• 10 New California Employment Laws Employers Should Know for the New Year

     Fenwick & West LLP

    Governor Newsom recently signed a slew of new bills into law at the close of California’s 2023 legislative session. Of those, there are several employment-related laws that California employers should take note of. We previously reported on some of these changes, including the expansion of California’s prohibition against non-compete agreementslimits on stays of proceedings pending the appeal of a denial of a motion to compel arbitration, and the obligation for venture capital companies to collect diversity data from founders. We summarize below other important employment-related laws that California employers should be aware of in the upcoming year.

    California Expands Sick Leave Requirements

    Effective January 1, 2024, California employers will need to increase their employee paid sick leave amounts. SB 616 amends the Healthy Workplace, Healthy Family Act of 2014 (California’s paid sick leave law) to expand the minimum amount of sick leave time eligible employees must accrue each year from 24 hours/three days to 40 hours/five days. Additionally, while existing law permits employers to cap annual sick leave usage to 24 hours/three days, the bill expands this annual usage cap to 40 hours/five days. The bill also increases the total amount of paid sick leave that employers must allow employees to accrue over time and carry over from year to year, from 48 hours/six days to 80 hours/10 days.
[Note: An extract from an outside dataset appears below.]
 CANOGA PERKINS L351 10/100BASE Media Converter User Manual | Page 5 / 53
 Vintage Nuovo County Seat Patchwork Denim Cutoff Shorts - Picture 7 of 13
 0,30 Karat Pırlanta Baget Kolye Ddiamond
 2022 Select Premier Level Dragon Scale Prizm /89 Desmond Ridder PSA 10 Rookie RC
    Employers may continue providing paid sick leave at the existing accrual rate of one hour for every 30 hours worked, provided an employee has accrued 40 hours/five days by the end of their 200th calendar day of employment. The amended law does not modify an employer’s ability to frontload the entire paid sick leave amount, a popular choice to ease administrative burdens.

    Under SB 616, there continues to be an exception for employees covered by a valid collective bargaining agreement (CBA) that provides for paid sick leave or a paid time off policy that permits the use of sick days for the same reasons as covered employees who are not subject to a CBA.